A BFF Worker is an aggregation point. It knows what its client needs and fetches exactly that.

src/bff-handlers.ts
async function getMobileDashboard(userId: string, env: Env) {
  // Mobile needs summary only: single query, minimal payload
  const summary = await env.DB.prepare(`
    SELECT COUNT(*) as orders, SUM(total) as revenue
    FROM orders WHERE user_id = ?
  `).bind(userId).first();

  return Response.json({ summary });
}

async function getWebDashboard(userId: string, env: Env) {
  // Web needs detail: parallel fetches, rich payload
  const [summary, recentOrders, topProducts, notifications] = await Promise.all([
    getSummary(env, userId),
    getRecentOrders(env, userId),
    getTopProducts(env, userId),
    getNotifications(env, userId)
  ]);

  return Response.json({ summary, recentOrders, topProducts, notifications });
}

The mobile endpoint makes one database call and returns kilobytes. The web endpoint makes four parallel calls and returns tens of kilobytes. Same underlying data, radically different shapes. Each BFF knows its client intimately; when client needs change, the BFF changes with them.

A/b testing at the edge

A/B testing traditionally requires client-side JavaScript that flickers as variants load, or server-side infrastructure that adds latency to every request. Edge A/B testing eliminates both problems: the Worker intercepts the request, assigns the user to a variant, and routes to the appropriate content before the response begins.

Why edge a/b testing

The latency advantage is significant. Traditional server-side A/B testing requires a round-trip to a central assignment service before routing can occur. Edge A/B testing makes the assignment decision in the same location handling the request, adding sub-millisecond overhead rather than tens of milliseconds.
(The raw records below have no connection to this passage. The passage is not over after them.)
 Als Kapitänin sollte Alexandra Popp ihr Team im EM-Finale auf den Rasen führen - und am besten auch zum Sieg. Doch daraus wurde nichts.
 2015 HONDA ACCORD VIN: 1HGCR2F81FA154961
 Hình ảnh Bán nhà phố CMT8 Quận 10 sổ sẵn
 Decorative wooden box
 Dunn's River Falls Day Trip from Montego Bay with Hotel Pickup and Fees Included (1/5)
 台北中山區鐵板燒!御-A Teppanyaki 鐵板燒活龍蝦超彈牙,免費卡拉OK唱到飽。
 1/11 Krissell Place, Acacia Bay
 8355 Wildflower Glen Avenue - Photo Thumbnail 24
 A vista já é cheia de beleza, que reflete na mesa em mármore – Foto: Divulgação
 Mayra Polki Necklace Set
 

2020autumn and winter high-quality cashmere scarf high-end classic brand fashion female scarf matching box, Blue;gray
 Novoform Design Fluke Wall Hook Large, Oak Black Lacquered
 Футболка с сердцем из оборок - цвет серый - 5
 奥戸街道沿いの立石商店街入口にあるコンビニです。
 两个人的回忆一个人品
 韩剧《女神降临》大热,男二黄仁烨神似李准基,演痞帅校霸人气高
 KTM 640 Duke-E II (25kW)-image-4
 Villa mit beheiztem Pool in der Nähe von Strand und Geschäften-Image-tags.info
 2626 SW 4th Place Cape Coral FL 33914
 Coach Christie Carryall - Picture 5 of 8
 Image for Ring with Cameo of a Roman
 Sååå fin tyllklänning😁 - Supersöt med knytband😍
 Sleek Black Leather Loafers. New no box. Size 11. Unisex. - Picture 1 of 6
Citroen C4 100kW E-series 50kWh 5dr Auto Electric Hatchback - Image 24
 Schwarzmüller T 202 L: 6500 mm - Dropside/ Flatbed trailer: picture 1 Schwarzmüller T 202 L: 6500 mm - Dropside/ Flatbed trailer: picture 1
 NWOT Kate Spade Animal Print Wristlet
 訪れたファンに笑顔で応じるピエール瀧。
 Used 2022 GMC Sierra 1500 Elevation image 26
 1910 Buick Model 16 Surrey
Same-URL testing becomes straightforward. Both control and test variants serve from identical URLs. The Worker routes to appropriate origins based on user assignment, eliminating client-side variant detection and the associated flicker.

The assignment pattern

The core pattern uses cookies for assignment persistence and KV for experiment configuration:

Edge A/B testing assignment
export default {
  async fetch(request: Request, env: Env) {
    const url = new URL(request.url);
    const experiment = await env.EXPERIMENTS.get(url.pathname, "json");
    if (!experiment) return fetch(request);  // No experiment for this path

    // Check for existing assignment
    const cookies = parseCookies(request.headers.get("Cookie") || "");
    let variant = cookies[`exp_${experiment.id}`];

    if (!variant) {
      // Assign based on configured weights
      const rand = Math.random();
      let cumulative = 0;
      for (const [v, weight] of Object.entries(experiment.variants)) {
        cumulative += weight;
        if (rand < cumulative) { variant = v; break; }
      }
    }

    // Route to variant's origin
    const origin = experiment.origins[variant];
    const response = await fetch(new Request(origin + url.pathname, request));

    // Set assignment cookie if new
    if (!cookies[`exp_${experiment.id}`]) {
      const headers = new Headers(response.headers);
      headers.append("Set-Cookie",
        `exp_${experiment.id}=${variant}; Path=/; Max-Age=${experiment.duration}`);
      return new Response(response.body, { ...response, headers });
    }

    return response;
  }
};

Configuration-code separation

Store experiment configuration in KV, completely decoupled from Worker deployments. Traffic allocation changes, experiment activation, and targeting rule updates propagate globally without redeploying code.

This separation enables marketing and product teams to manage experiments without engineering involvement for routine changes. The Worker code handles mechanics; KV holds business logic.

When edge a/b testing fits

Use edge A/B testing when every request must be assigned quickly and you control the serving infrastructure. It excels at page-level experiments (different landing pages), feature flag evaluation, and traffic splitting for canary deployments.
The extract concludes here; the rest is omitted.